At a more macroeconomic level, we expect inflation to be a hot topic of discussion in 2021. We believe stocks that have the capacity to manage a more inflationary dynamic because of the strength of their product or service is such that they can raise prices without jeopardising sales (ie they have pricing power) ought to do well alongside the beneficiaries of higher inflation, such as banks.

The principal risks we perceive are: policy error from governments and central banks; negative developments in managing COVID-19; and geopolitical tensions (principally the US-China relationship where the market is optimistic about improvement following the election of Joe Biden as President in the US).

Casting a light on ‘hidden’ ESG

Another strategic theme that we expect to play out is the rerating of ‘hidden’ ESG (environmental, social and governance) factors. The trend to more sustainable investing is a welcome one, especially as smaller companies can be far better operationally on an ESG basis than their larger peers, but far less good at presenting the benefits to the environment and society. There is a big rerating potential for such stocks as these strengths are uncovered.

Takeaways from 2020

The experiences of 2020 have not shifted our approach to investment but have reminded us of some of the key benefits to how we allocate capital. 2020 highlighted the benefits of our investing across the corporate lifecycle with a balanced portfolio of early cycle, quality growth, mature and turnaround stocks.

At the start of the pandemic, early cycle businesses better exposed to digitalisation and online retail benefited from an acceleration in underlying growth trends in the second quarter of 2020. Meanwhile, more mature value / turnaround names – companies that have experienced poor performance but are in a period of a financial recovery – responded positively in the second half.

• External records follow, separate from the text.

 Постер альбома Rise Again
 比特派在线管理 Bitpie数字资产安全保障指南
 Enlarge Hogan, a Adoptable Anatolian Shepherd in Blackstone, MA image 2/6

The key takeaway for us is that the most unexpected of scenarios can play out, so pursuing diversification at a stock level is very important. In addition, 2020 has taught us that stock specific factors such as self-help or structural growth can offer valuable sources of return during times of crisis and should be considered when making investment decisions.

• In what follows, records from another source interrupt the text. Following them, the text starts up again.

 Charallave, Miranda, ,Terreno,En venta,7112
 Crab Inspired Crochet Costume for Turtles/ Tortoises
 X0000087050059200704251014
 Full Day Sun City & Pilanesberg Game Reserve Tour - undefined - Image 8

1Source: Janus Henderson Investors, DataStream, in Local currency. The MSCI Europe Small Cap Index returned 445% from January 2000 to 30 November 2020, compared to a cumulative return of 90% return from the MSCI Europe Large Cap Index over the same time period. Data, in local currency terms rebased at 100 on 1 January 2000.



Growth stocks/investing: Growth investors search for companies they believe have strong growth potential. Their earnings are expected to grow at an above-average rate compared to the rest of the market, and therefore there is an expectation that their share prices will increase in value.

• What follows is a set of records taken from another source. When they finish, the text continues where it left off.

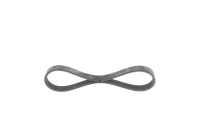 V-Ribbed Belt Elastic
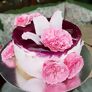 Essbare Culinaric Rose, rosa-apricot, im ca. 22 cm-Topf | #2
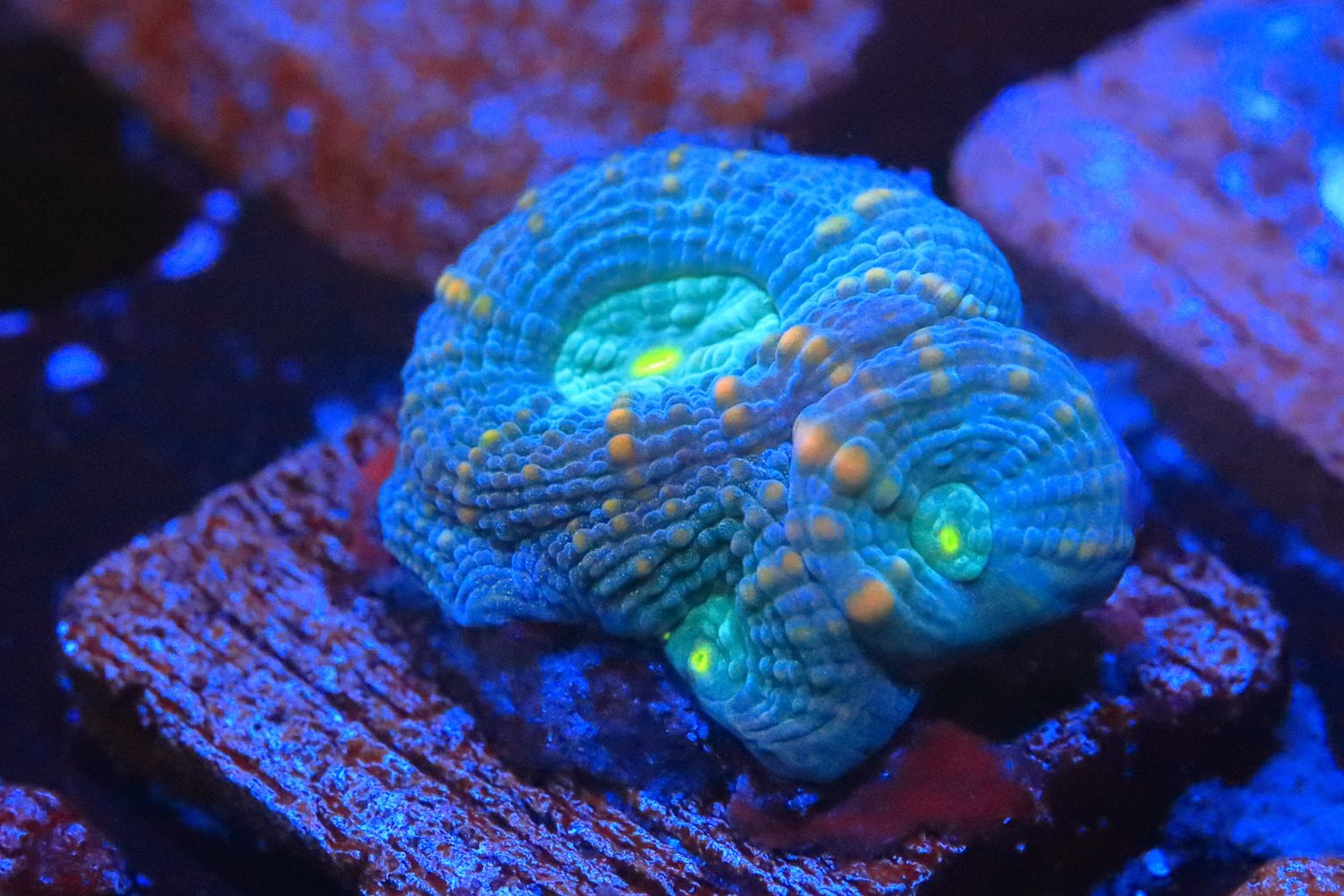 Orange Speckled Favia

Inflation: The rate at which the prices of goods and services are rising in an economy. The CPI and RPI are two common measures.

Market capitalisation: The total market value of a company’s issued shares. It is calculated by multiplying the number of shares in issue by the current price of the shares. The figure is used to determine a company’s size, and is often abbreviated to ‘market cap’.

Self-help: Opportunities taken internally to improve a company’s prospects, such as better operational efficiency, which are independent of what is happening in the wider economy.

Structural growth: Growth related to a dramatic shift in the way the market or economy operates, often brought about by changing trends or product/service innovation.

Value stocks/investing: Value investors search for companies that they believe are undervalued by the market, and therefore expect their share price to increase. One of the favoured techniques is to buy companies with low price to earnings (P/E) ratios.